9. Originally Posted by weasley74
Just a quick question;

How do I show that (1+2+...+n)^2 = 1^3+2^3+...+n^3 ?
Let n = 1.
$\displaystyle (1)^2 = 1^3$? True.

So assume the theorem is true for some n = k. Then we need to prove that it is true for n = k + 1.

Our assumption is that
$\displaystyle (1 + 2 + ~...~ + k)^2 = 1^3 + 2^3 + ~...~ + k^3$

What we wish to prove is
$\displaystyle (1 + 2 + ~...~ + k + (k + 1))^2 = 1^3 + 2^3 +~...~+k^3 + (k + 1)^3$

Now,
$\displaystyle (1 + 2 + ~...~ + k + (k + 1))^2 = (1 + 2 + ~...~ + k)^2 + (k + 1)^2 + 2(1 \cdot (k + 1) + 2 \cdot (k + 1) + ~...~ k(k + 1))$

$\displaystyle = (1^3 + 2^3 + ~...~ + k^3) + (k + 1)^2 + 2(1 \cdot (k + 1) + 2 \cdot (k + 1) + ~...~ k(k + 1))$
according to our assumption. So plugging this back into what we need to prove, we see that we need to show
$\displaystyle = (1^3 + 2^3 + ~...~ + k^3) + (k + 1)^2 + 2(1 \cdot (k + 1) + 2 \cdot (k + 1) + ~...~ k(k + 1))$$\displaystyle = 1^3 + 2^3 +~...~+k^3 + (k + 1)^3$

or
$\displaystyle (k + 1)^2 + 2(1 \cdot (k + 1) + 2 \cdot (k + 1) + ~...~ k(k + 1)) = (k + 1)^3$

So let's work a bit more on that left hand side.
$\displaystyle (k + 1)^2 + 2(1 \cdot (k + 1) + 2 \cdot (k + 1) + ~...~ k(k + 1))$

$\displaystyle = (k^2 + 2k + 1) + 2(k + 1)(1 + 2 + ~...~ + k)$

and the sum of the first k numbers is
$\displaystyle = (k^2 + 2k + 1) + 2(k + 1) \frac{k(k + 1)}{2}$

$\displaystyle = (k^2 + 2k + 1) + k(k + 1)^2$

$\displaystyle = k^2 + 2k + 1 + k^3 + 2k^2 + k$

$\displaystyle = k^3 + 3k^2 + 3k + 1$

$\displaystyle = (k + 1)^3$
as we needed.

So the theorem is true for n = 1 and thus for all integers by induction.

-Dan

10. Originally Posted by CaptainBlack
I was just about to post method 3, Mathematical Induction (which I can
confirm does work quite nicely, but is not as elegant as method 2).

RonL
Agreed.
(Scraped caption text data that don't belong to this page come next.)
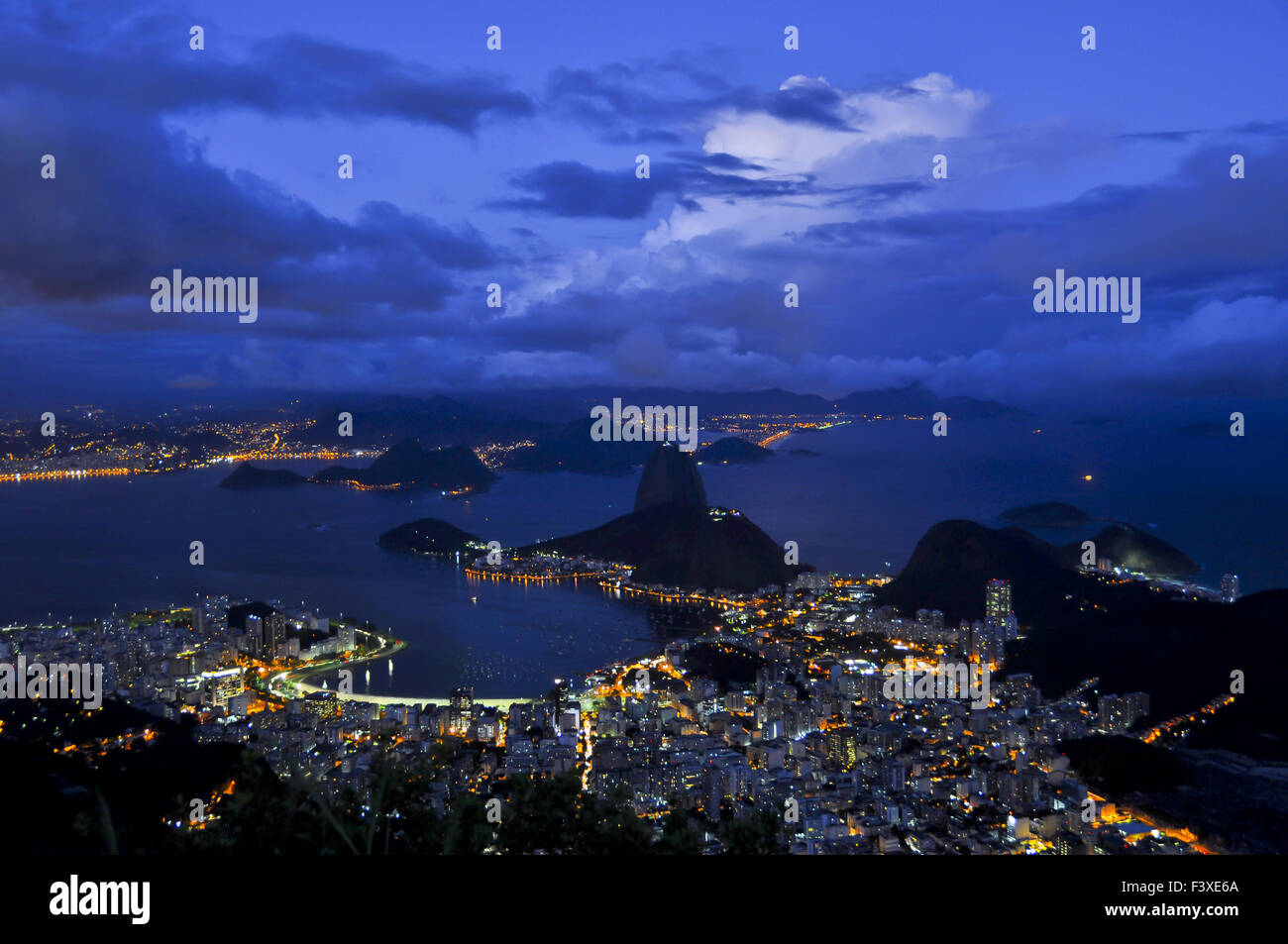 Nacht Rio Landschaft Stockfoto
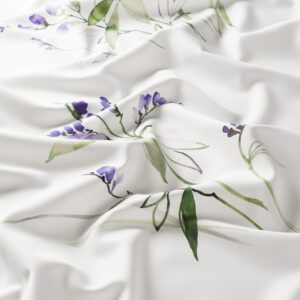 1 8894 080 Blossoms Jab Vorhangstoff Meterware Mit Blumenmuster Lila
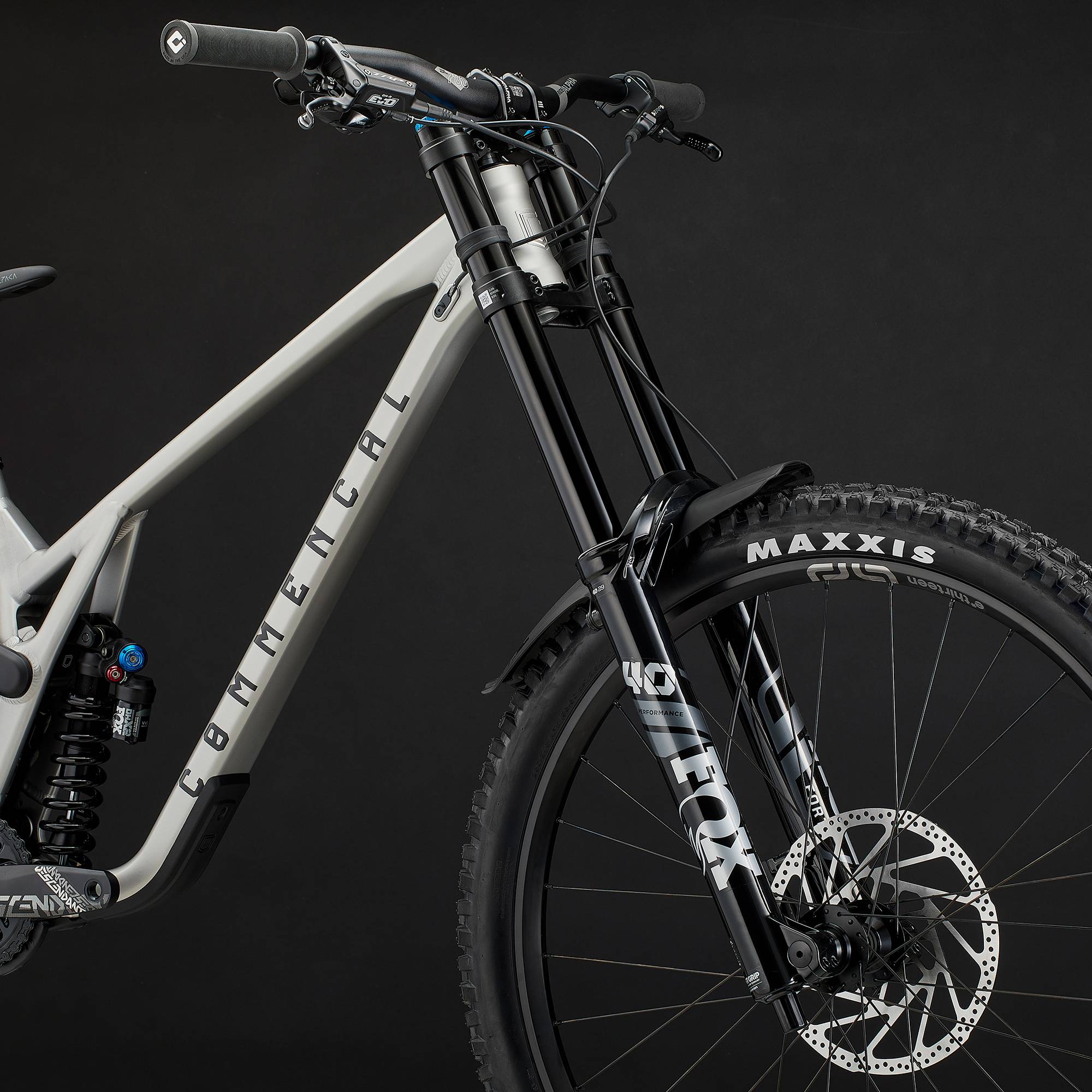 Commencal Supreme DH V5 Essential Silver Downhill Bike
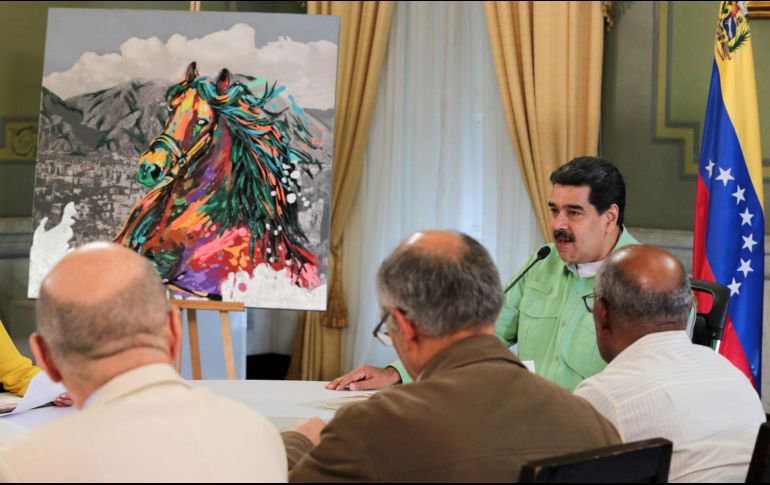 Maduro cortó lazos con Washington y anunció el cierre de todas sus misiones en EU el mismo 23 de enero en que Guaidó se declaró presidente. AFP/Presidencia de Venezuela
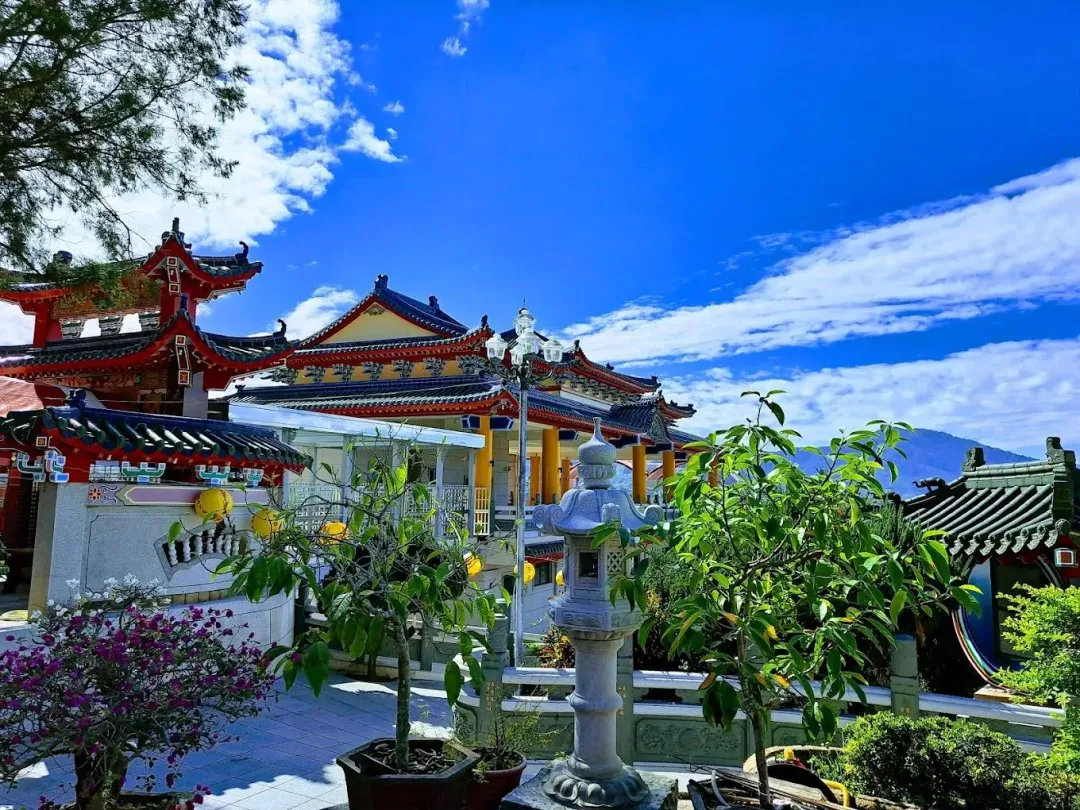 地母廟宮殿式建築和庭院造景美不勝收。（圖／翻攝Google Map）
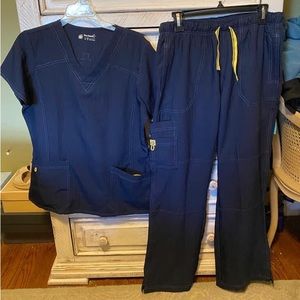 WonderWink Four-Stretch4 medium regular size pants and medium tops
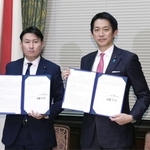 　合意文書に署名し、記念写真に納まる自民党の小林政調会長（右）と日本維新の会の斎藤政調会長＝１９日午後、国会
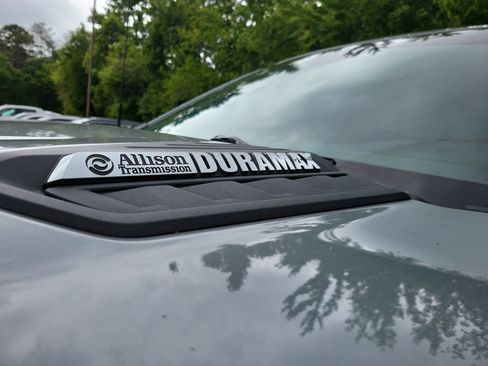 Used 2024 Chevrolet Silverado 2500 LT image 4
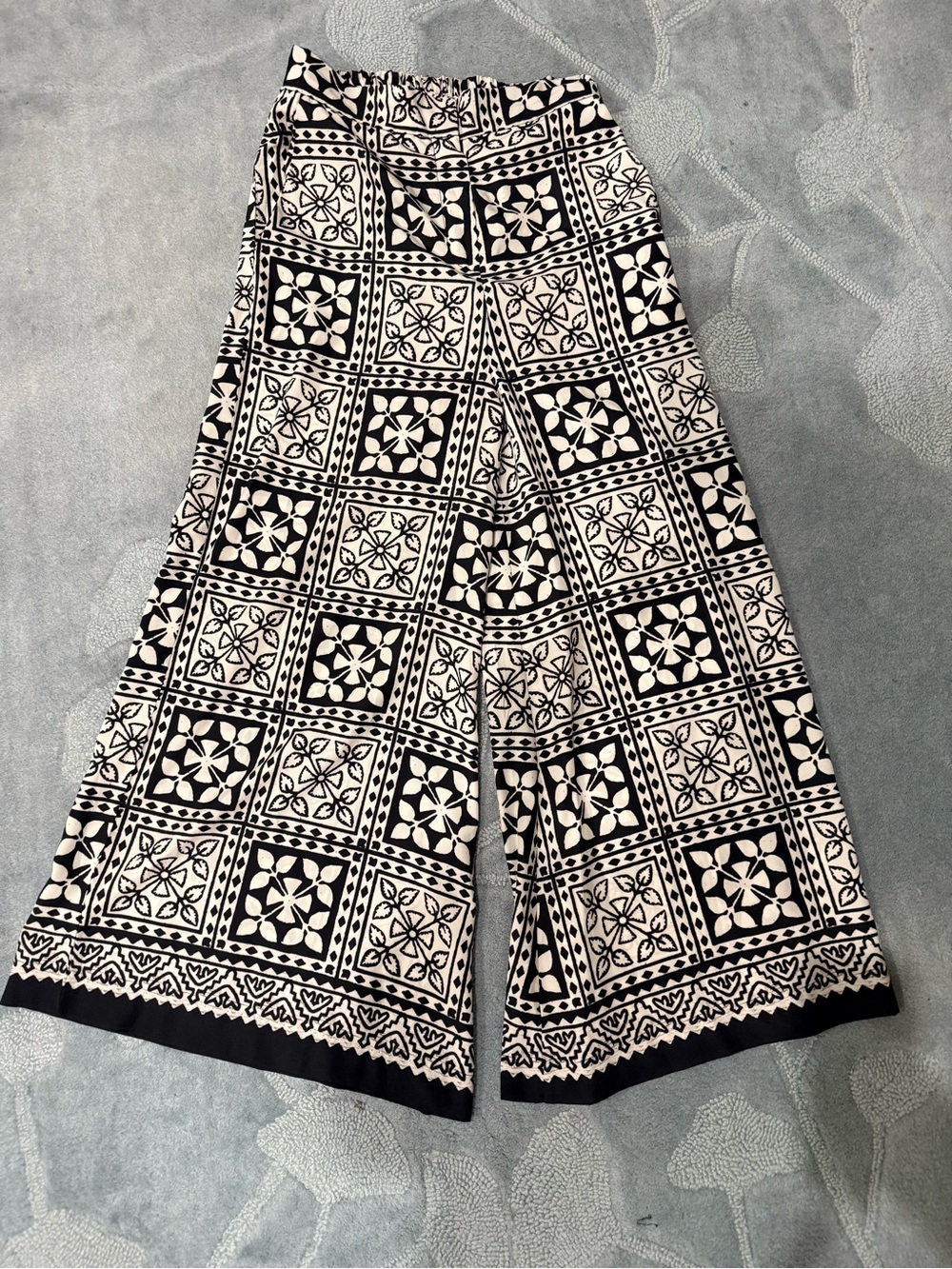 Black & White Wide-Leg Patterned Pants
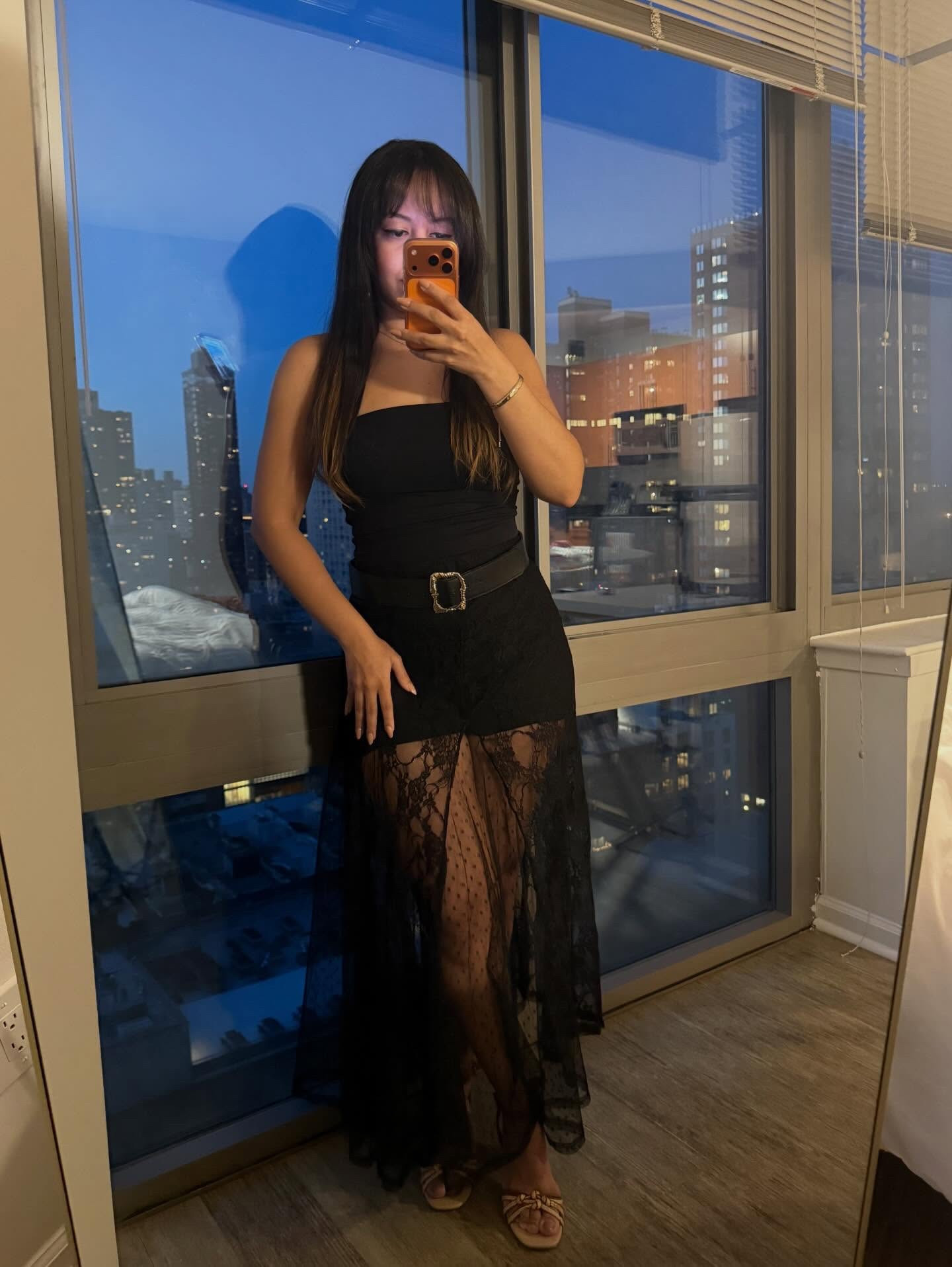 The last few days in NYC… went on a night out after ages and also back to my workout classes! Spring really brings out some extra motivation in everyone ☀️🫶🌸

#nyc #nyclifestyle #nyccreator #fashion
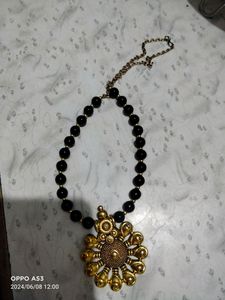 Black Moti Golden Plate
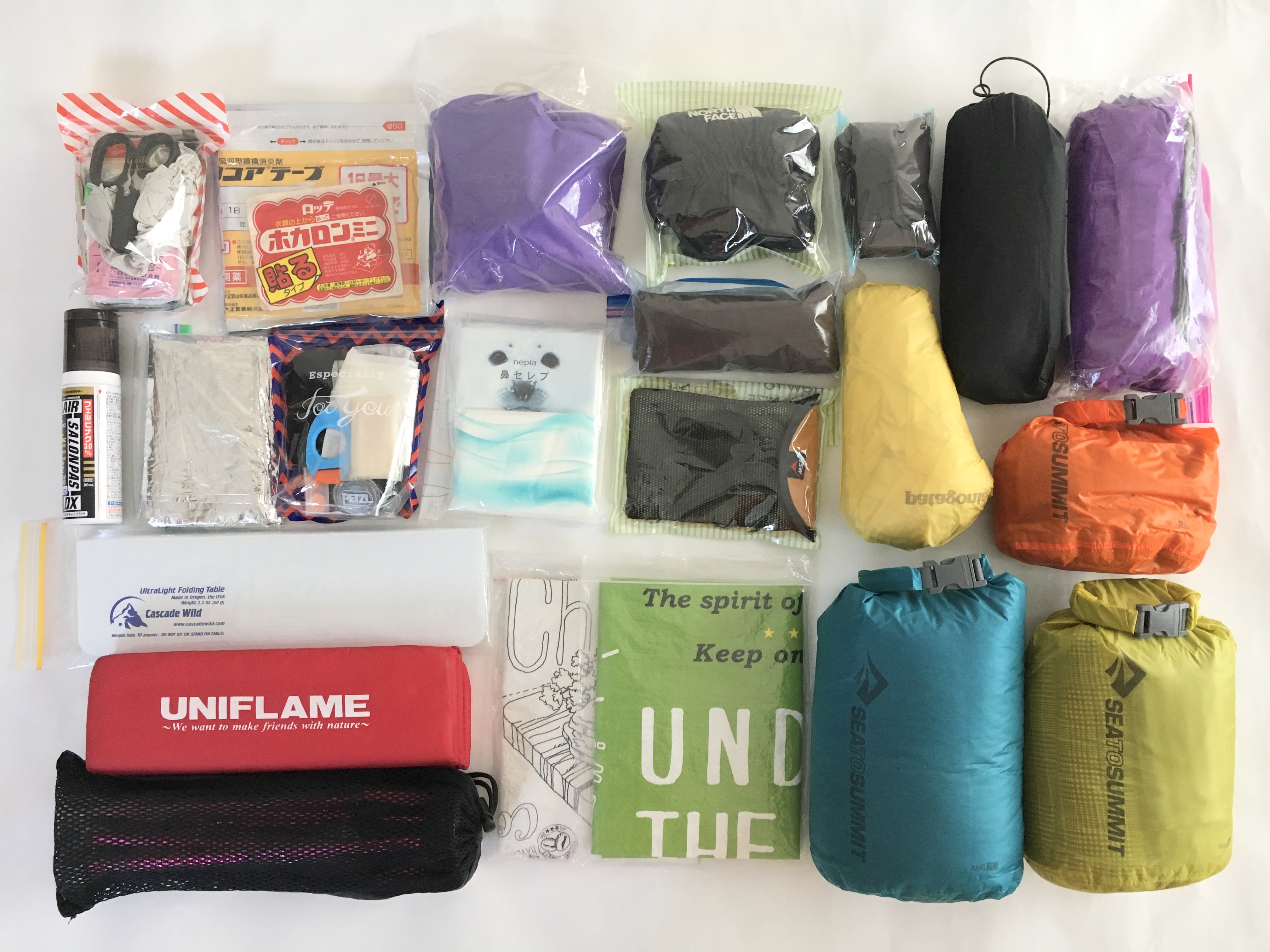日帰り登山の荷物の重量や登山の荷物の重さは体重のどのくらい?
And Mathematical Induction here is a bit tedious.

-Dan

11. Originally Posted by weasley74
and how do I do that? =)
First you should know how induction works:

You have a proposition about a netural number n, such as your identity.

Show it holds for a base case, typical n=1 or n=0.

The if you assume that it hold for some k, show this implies it holds for k+1

Then you are done the general proposition is proven for all n greater than or
equal to the base case.

Checking the base case is trivial in this case as for n=1 both sides of the
equality are 1.

I will let you have a go at proving the induction step its not difficult.

RonL

12. Originally Posted by weasley74
So I just have to show that the five first values are equal? it sounds a bit too easy..
That part is easy, the key part of the argument is identifying that both
sides are quartics.

RonL

13. Originally Posted by topsquark
Agreed. And Mathematical Induction here is a bit tedious.

-Dan
On my a5 note pad its half a side of paper!